What the task asks: From the listing below, output the lines between the one with "Snapshot of Ridick2025" and the one with "2016 CADILLAC ESCALADE Luxury — PSRA", including those two, and nothing else. Pictures are not copied.

Data for processing:
┏━━

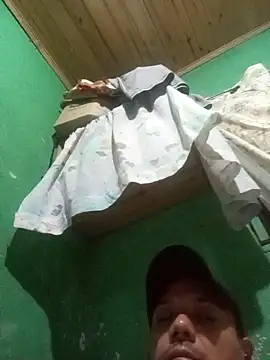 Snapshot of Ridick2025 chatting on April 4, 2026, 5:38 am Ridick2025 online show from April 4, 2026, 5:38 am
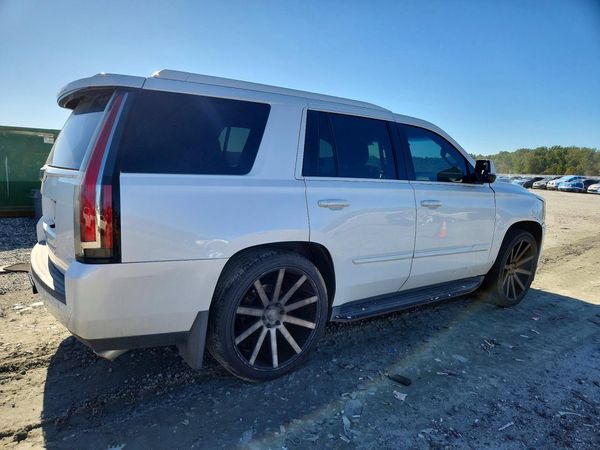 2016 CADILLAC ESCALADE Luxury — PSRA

┗━━
┏━━

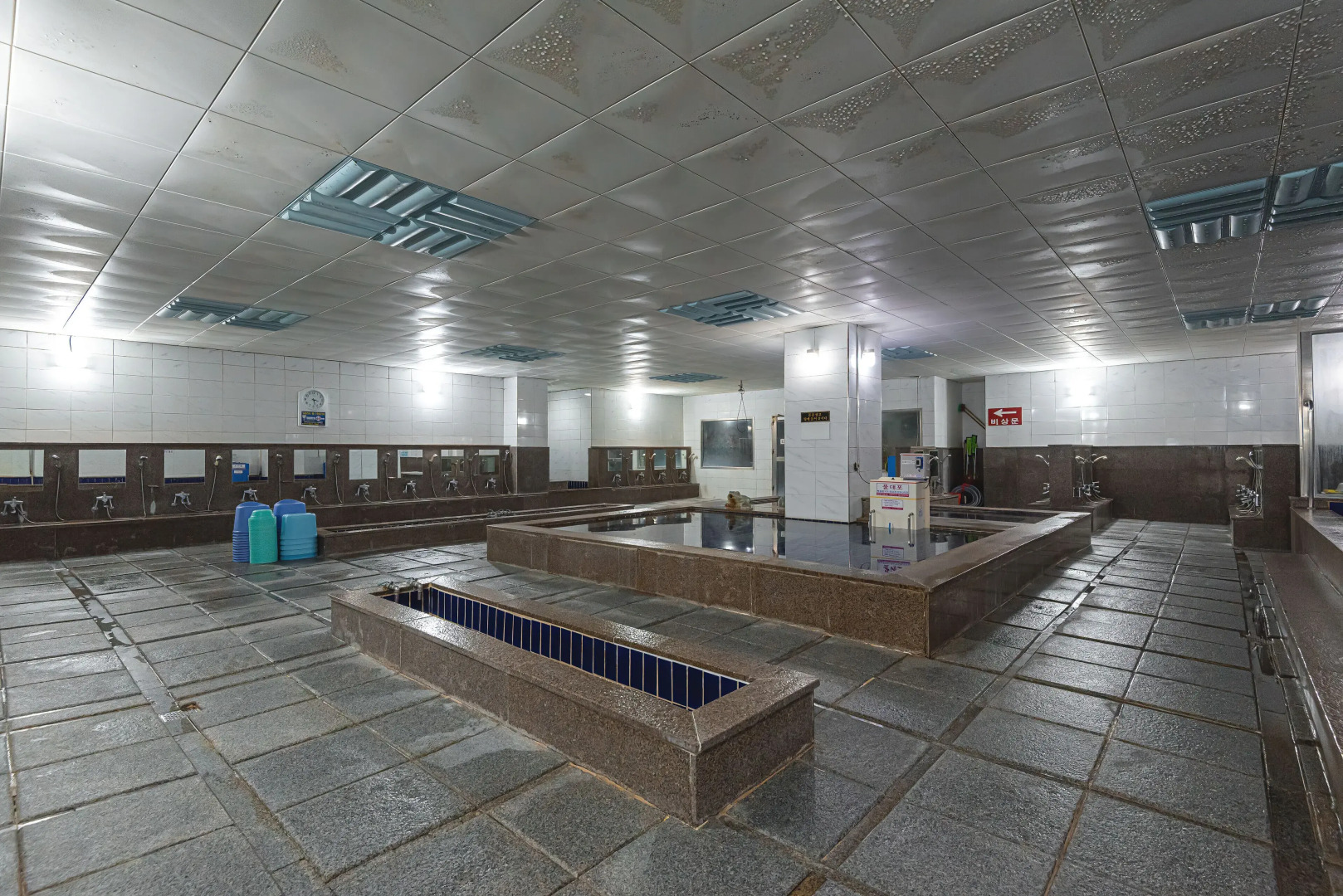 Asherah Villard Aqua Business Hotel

┗━━
┏━━

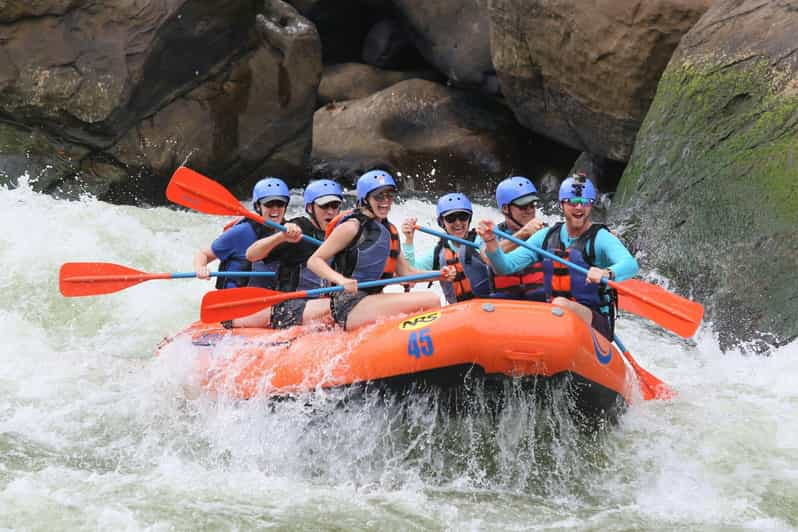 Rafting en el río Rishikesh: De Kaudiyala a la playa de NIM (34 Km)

┗━━

Reply to the task:
 Snapshot of Ridick2025 chatting on April 4, 2026, 5:38 am Ridick2025 online show from April 4, 2026, 5:38 am
 2016 CADILLAC ESCALADE Luxury — PSRA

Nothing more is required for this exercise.